Copy out the data below from the line containing "Outsunny 125L Storage" to the line containing "CAL Urges Court", both lines included, with all images left out.
:: Data for the task ::
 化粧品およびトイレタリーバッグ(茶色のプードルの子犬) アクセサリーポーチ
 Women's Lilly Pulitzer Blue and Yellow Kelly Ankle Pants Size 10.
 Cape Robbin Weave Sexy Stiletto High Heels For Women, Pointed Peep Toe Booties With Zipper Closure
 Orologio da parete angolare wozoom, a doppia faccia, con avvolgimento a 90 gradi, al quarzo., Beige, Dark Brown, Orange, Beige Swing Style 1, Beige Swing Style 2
:::
:: Data for the task ::
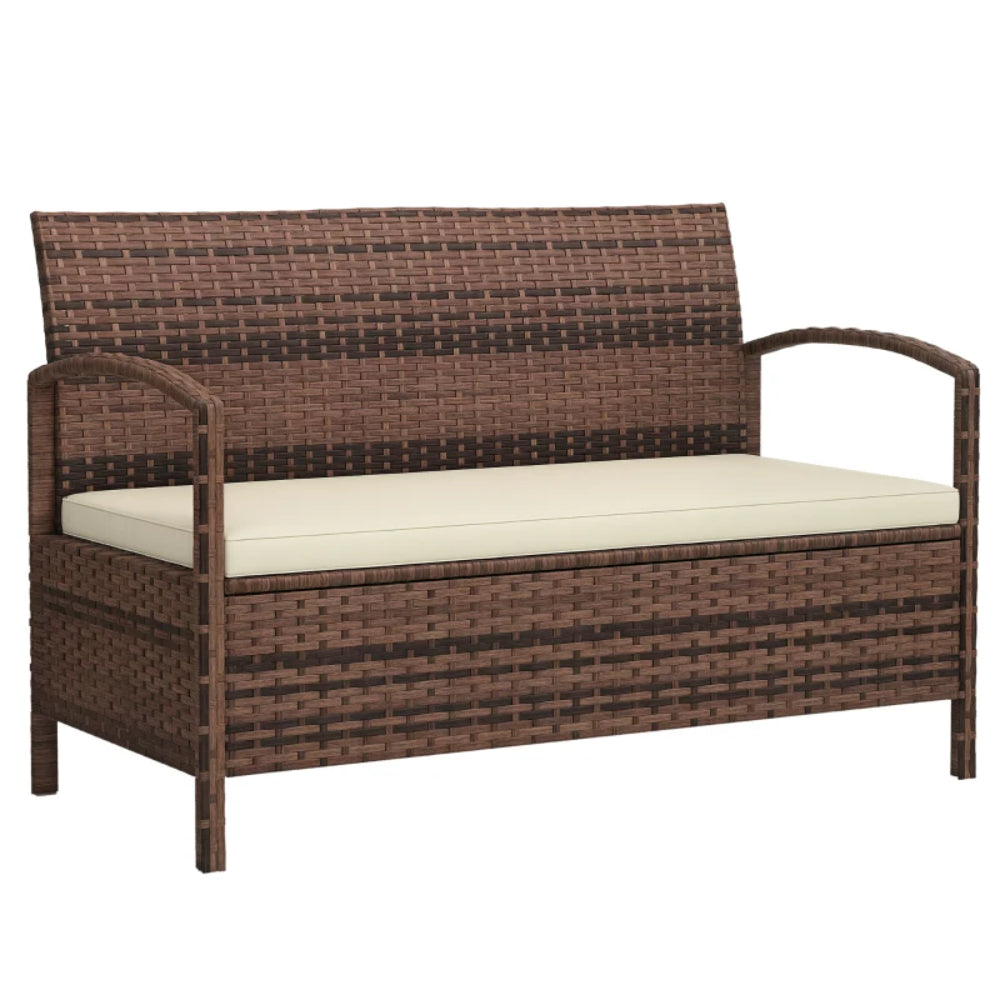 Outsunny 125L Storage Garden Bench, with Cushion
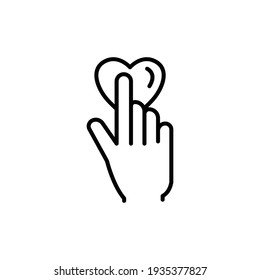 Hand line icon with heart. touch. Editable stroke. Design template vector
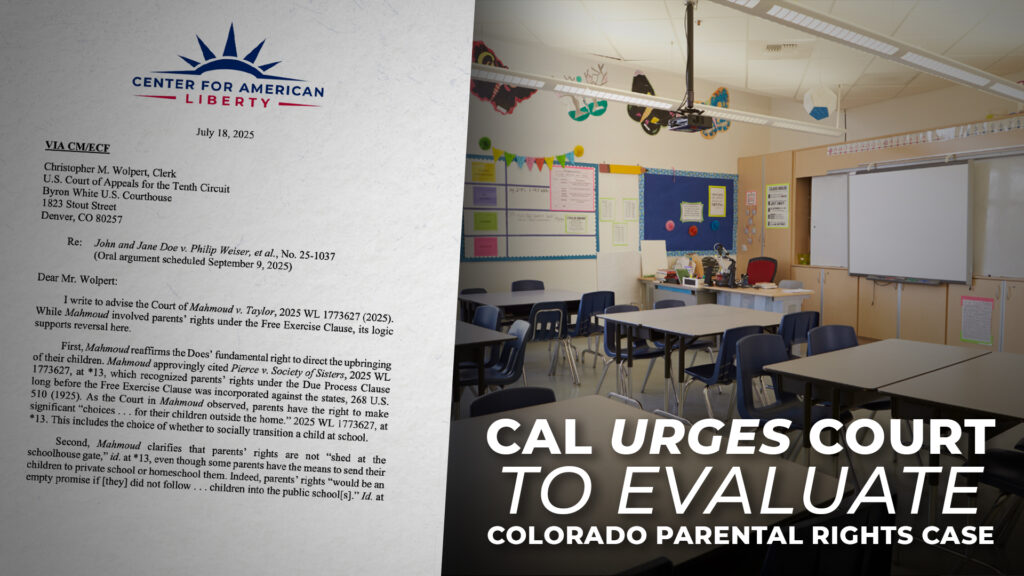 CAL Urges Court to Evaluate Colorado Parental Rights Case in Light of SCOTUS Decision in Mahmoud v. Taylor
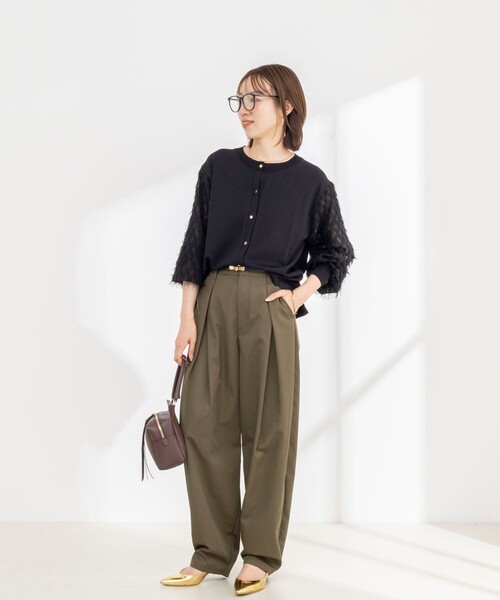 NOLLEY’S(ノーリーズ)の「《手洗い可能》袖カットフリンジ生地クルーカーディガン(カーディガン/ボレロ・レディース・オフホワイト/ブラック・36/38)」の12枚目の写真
:::
-- Your solution --
 Outsunny 125L Storage Garden Bench, with Cushion
 Hand line icon with heart. touch. Editable stroke. Design template vector
 CAL Urges Court to Evaluate Colorado Parental Rights Case in Light of SCOTUS Decision in Mahmoud v. Taylor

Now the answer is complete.